Elle l'était par ses manières résolues, son entêtement contre vents et marées.
Elle l'était par les baisers qu'elle déposait sur ma joue, comme un trésor, lorsque nous n'étions pas seules.
Et ses yeux… Gris parle, hachés de brume trompeuses et d'eaux traîtresses, marécages nocturnes, je m'y égarais avec délice.
Je me souviens de ses gestes, de sa façon de porter hâtivement sa cigarette à ses lèvres et d'en tirer une longue bouffée, comme une excuse. Je me souviens de sa manie de passer ses doigts dans ses cheveux blonds et bouclés, les y emmêler avec indifférence, lorsqu'elle se noyait dans ses réflexions. Je me souviens de ses étreintes... des moments où elle me prenait dans ses bras et de rester ainsi, figée presque, une éternité, jusqu'à ce que tous les battements désordonnés de mon coeur s'éteignent dans un sourire.
Elle avait ce pouvoir.
Combien de temps dura notre histoire ? Deux mois ? Trois mois ? Six peut-être ?
Il me semble pourtant que c'était une éternité...
Et c'est moi, j'ai...
Alors pourquoi suis-je encore… si triste ?
Lundi 25 juin 2007 à 13:34
Combien de fois suis-je allée la retrouver dans un de ces cafés qu'elle affectionnait tant ?

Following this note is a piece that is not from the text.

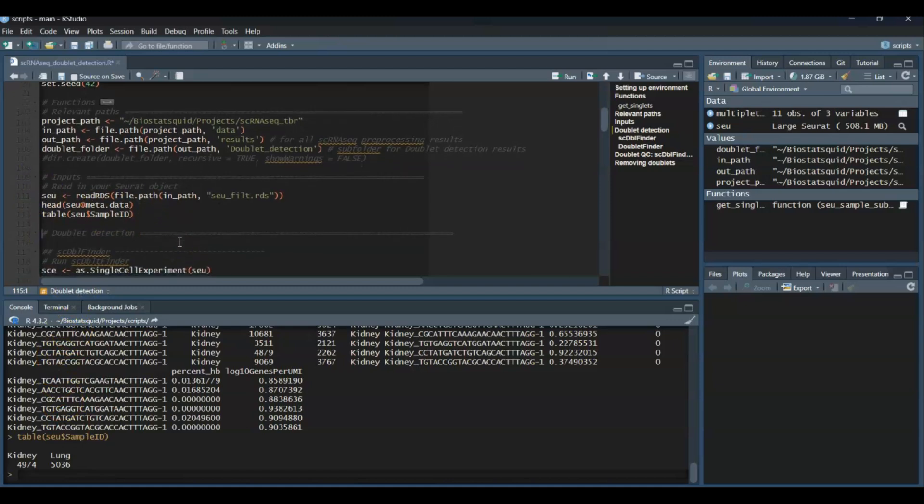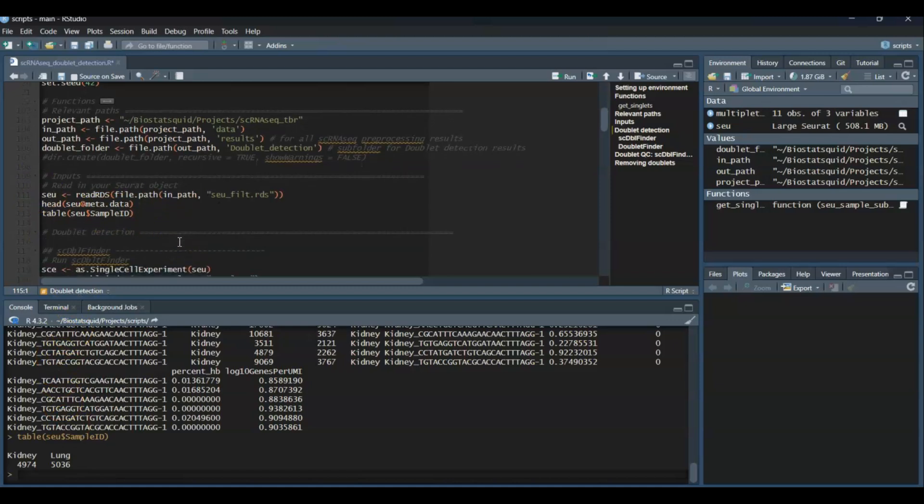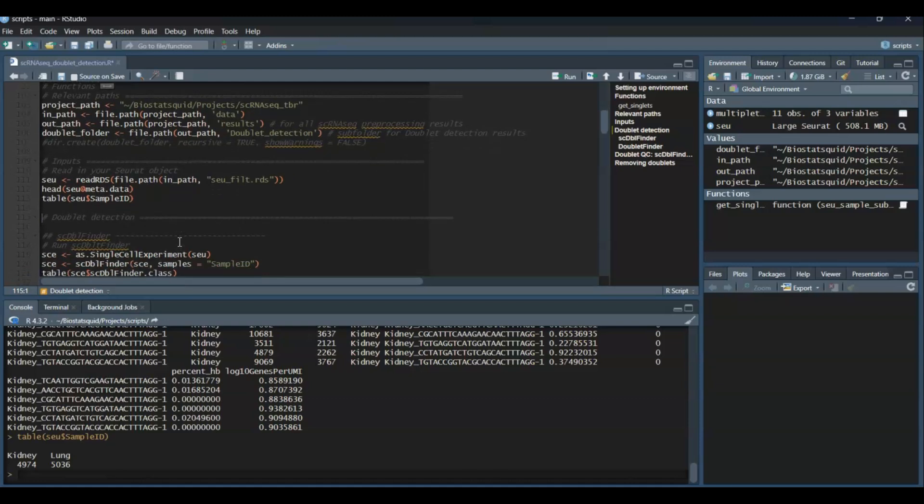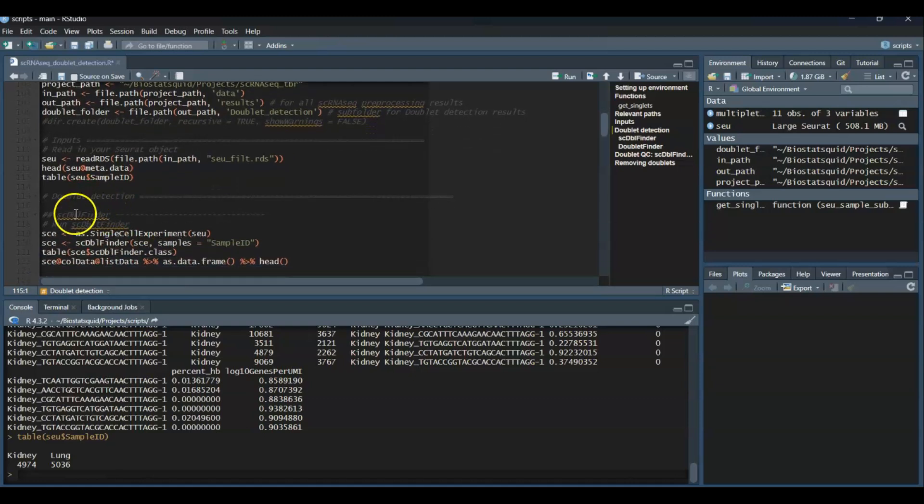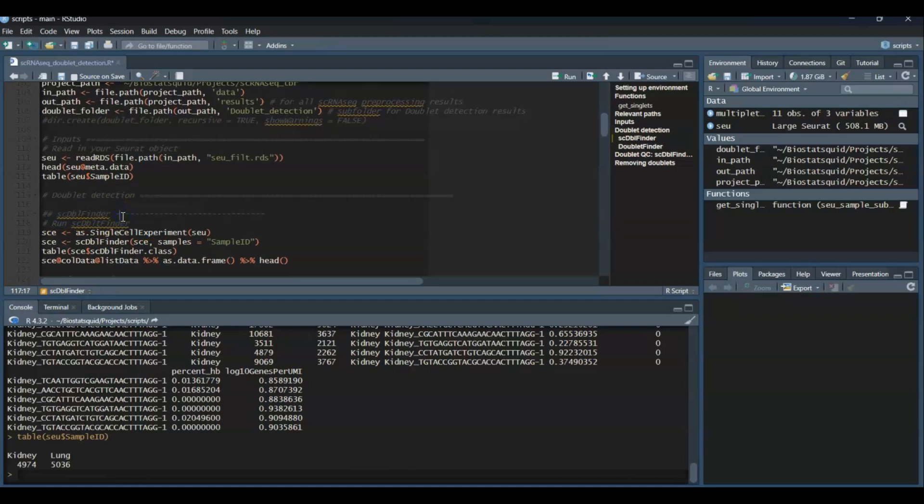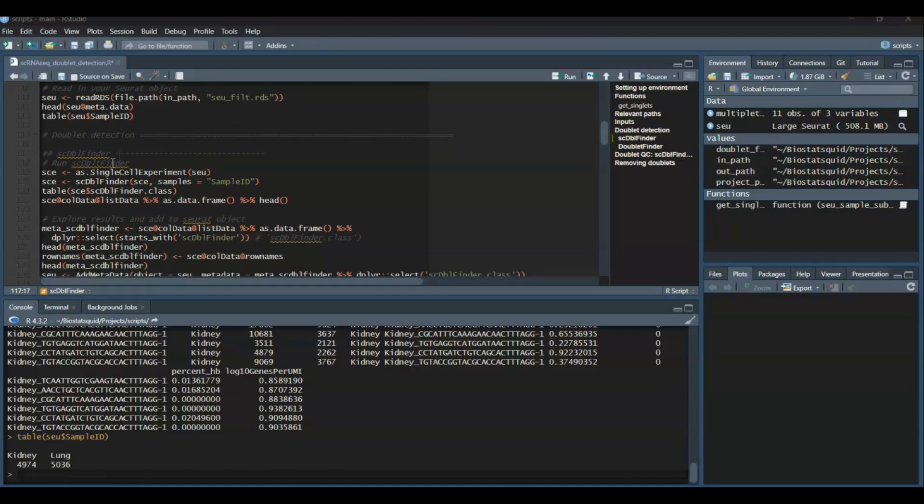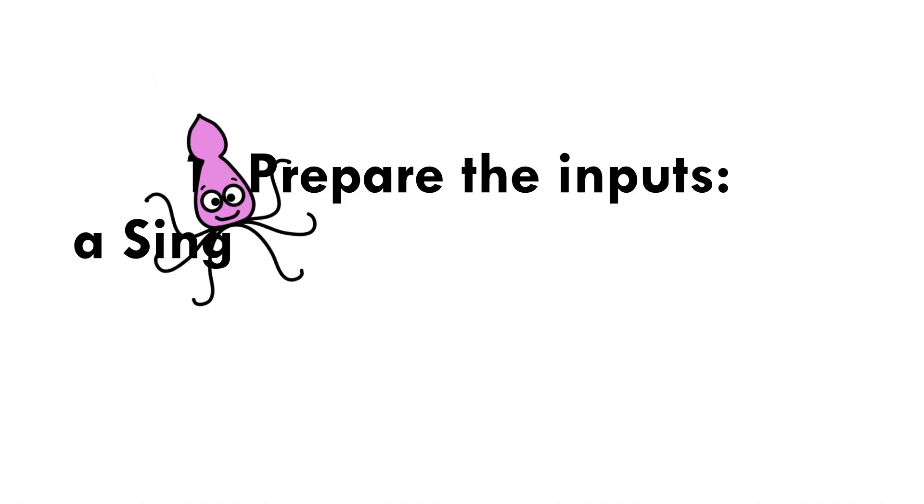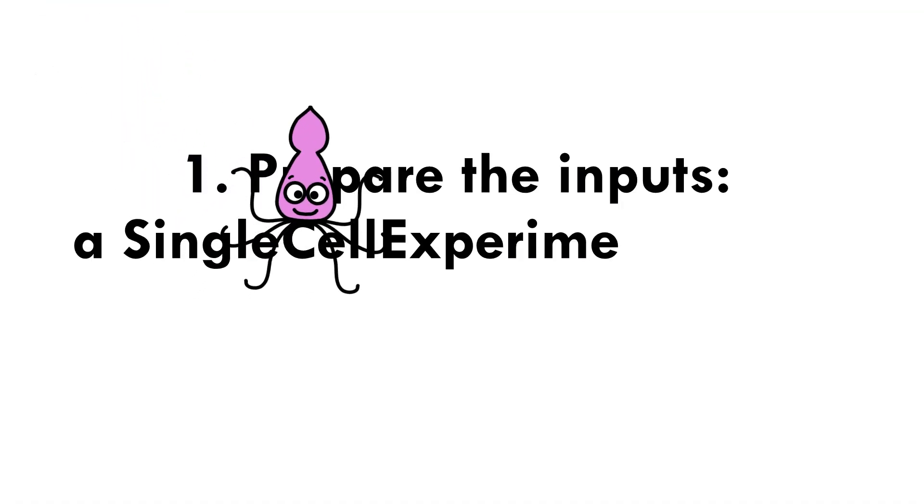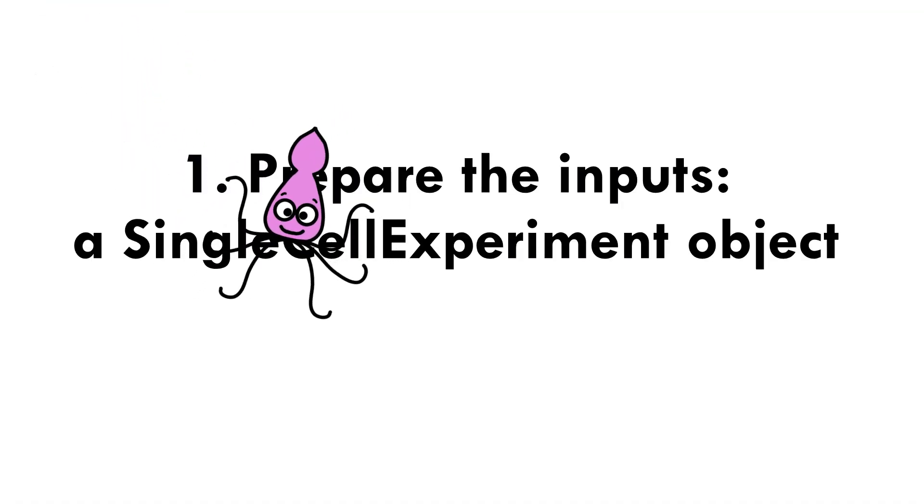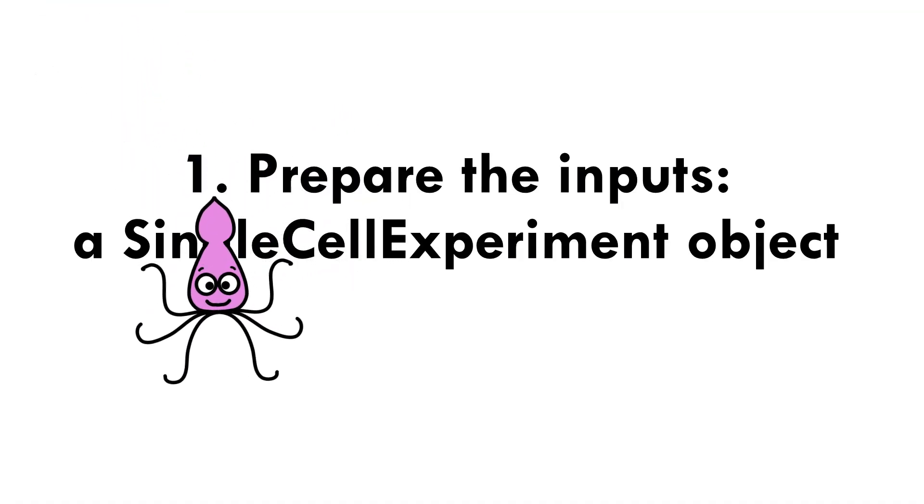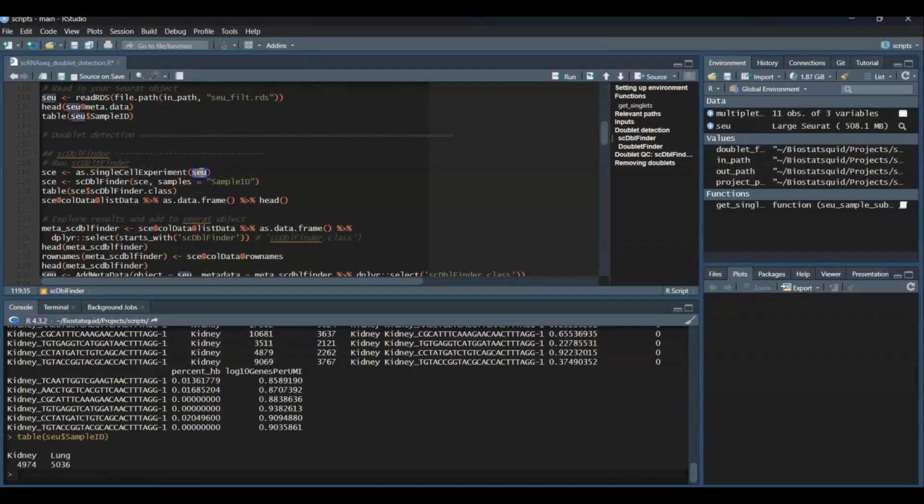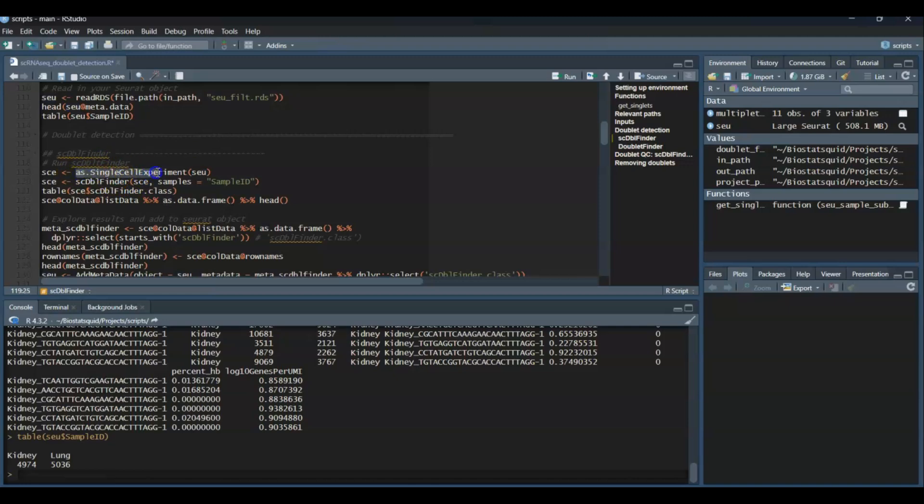Great, so let's start by detecting and analyzing doublets in single-cell RNA sequencing data using the scDoubletFinder package in R. scDoubletFinder takes a single-cell experiment object as input, so if you have your single-cell RNA sequencing data in this format, then great. Otherwise, we need to transform the Seurat object into a single-cell experiment, which we can do really easily with as.SingleCellExperiment.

Oui, je me souviens… Je me souviens ces bars saturés d'étudiants fades, le plus souvent, et elle parmi eux. Elle m'attendait depuis longtemps déjà, ou peut-être bien mon arrivée n'était qu'un incident au sein de son après-midi de lecture et d'oisiveté délicieuse. Je la retrouvais perdue au milieu de volutes de fumée (elle avait toujours une cigarette à la main, bien qu'elle ne semble jamais la porter à ses lèvres).
Parfois, par jeu, par… je me postais, debout au milieu du ballets des serveurs, des clients, à braver le flot à quelques mètres de sa table, j'observais ses yeux se perdre dans les nuages gris. C'était étrange de la voir là, toute seule… calme soudain et comme… apaisée, tellement loin de son effervescence coutumière.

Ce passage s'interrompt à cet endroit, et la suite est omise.